- [EXERCISE REQUIREMENTS] Show every line of the records below that contains the word "Sterling".

━━━━━━━━━━━━━━━━━━━━

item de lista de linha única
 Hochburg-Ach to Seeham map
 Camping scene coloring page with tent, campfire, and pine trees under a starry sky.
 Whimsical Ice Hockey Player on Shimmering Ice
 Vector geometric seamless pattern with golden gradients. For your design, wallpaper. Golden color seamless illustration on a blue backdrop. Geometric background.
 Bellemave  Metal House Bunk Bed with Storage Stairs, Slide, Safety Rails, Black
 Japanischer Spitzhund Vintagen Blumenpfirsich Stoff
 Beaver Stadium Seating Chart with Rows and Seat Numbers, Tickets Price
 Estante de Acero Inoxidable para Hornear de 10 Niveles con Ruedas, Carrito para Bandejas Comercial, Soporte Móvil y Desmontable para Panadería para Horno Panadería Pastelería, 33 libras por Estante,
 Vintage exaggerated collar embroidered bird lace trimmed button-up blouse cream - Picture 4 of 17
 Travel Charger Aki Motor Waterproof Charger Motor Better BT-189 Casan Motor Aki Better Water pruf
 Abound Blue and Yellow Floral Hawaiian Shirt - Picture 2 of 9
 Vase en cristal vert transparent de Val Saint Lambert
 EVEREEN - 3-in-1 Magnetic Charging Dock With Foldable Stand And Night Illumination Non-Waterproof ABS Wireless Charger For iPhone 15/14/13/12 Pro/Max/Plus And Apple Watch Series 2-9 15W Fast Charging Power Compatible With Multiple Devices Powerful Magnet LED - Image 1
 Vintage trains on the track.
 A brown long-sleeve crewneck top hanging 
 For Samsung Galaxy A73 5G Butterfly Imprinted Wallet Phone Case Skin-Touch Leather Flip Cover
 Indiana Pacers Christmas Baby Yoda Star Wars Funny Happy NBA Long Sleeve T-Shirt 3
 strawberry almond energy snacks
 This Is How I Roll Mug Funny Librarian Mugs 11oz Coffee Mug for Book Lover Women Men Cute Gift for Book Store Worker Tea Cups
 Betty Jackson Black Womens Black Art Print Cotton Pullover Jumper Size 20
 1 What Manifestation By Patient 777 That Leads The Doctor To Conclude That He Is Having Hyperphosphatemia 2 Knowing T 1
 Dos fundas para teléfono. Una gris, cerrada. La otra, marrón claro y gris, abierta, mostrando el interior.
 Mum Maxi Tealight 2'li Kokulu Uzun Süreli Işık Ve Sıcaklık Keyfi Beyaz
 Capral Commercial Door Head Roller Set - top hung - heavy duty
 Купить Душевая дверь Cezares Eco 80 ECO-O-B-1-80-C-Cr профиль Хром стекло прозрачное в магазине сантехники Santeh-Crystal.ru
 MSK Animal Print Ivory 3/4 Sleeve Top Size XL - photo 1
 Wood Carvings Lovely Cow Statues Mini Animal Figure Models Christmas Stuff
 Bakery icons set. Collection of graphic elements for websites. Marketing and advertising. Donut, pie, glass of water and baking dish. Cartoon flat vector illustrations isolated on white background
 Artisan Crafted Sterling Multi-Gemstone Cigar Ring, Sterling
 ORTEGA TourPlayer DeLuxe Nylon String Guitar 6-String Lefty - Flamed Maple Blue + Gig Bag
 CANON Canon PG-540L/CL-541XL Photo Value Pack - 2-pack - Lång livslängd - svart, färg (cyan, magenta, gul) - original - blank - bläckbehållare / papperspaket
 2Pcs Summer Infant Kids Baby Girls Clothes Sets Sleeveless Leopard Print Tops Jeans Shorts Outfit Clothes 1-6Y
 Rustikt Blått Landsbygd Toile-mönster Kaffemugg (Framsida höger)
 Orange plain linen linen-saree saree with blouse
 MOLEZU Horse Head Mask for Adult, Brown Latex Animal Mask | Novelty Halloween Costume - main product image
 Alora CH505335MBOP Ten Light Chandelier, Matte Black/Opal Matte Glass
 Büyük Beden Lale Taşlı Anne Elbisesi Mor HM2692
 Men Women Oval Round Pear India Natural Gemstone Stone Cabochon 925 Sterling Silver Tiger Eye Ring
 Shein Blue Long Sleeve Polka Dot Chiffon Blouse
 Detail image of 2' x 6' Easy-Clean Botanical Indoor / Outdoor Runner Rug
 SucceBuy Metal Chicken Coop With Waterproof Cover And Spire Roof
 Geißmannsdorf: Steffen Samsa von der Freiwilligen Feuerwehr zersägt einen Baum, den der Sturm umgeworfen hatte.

━━━━━━━━━━━━━━━━━━━━

- [RESPONSE BELOW]
 Artisan Crafted Sterling Multi-Gemstone Cigar Ring, Sterling
 Men Women Oval Round Pear India Natural Gemstone Stone Cabochon 925 Sterling Silver Tiger Eye Ring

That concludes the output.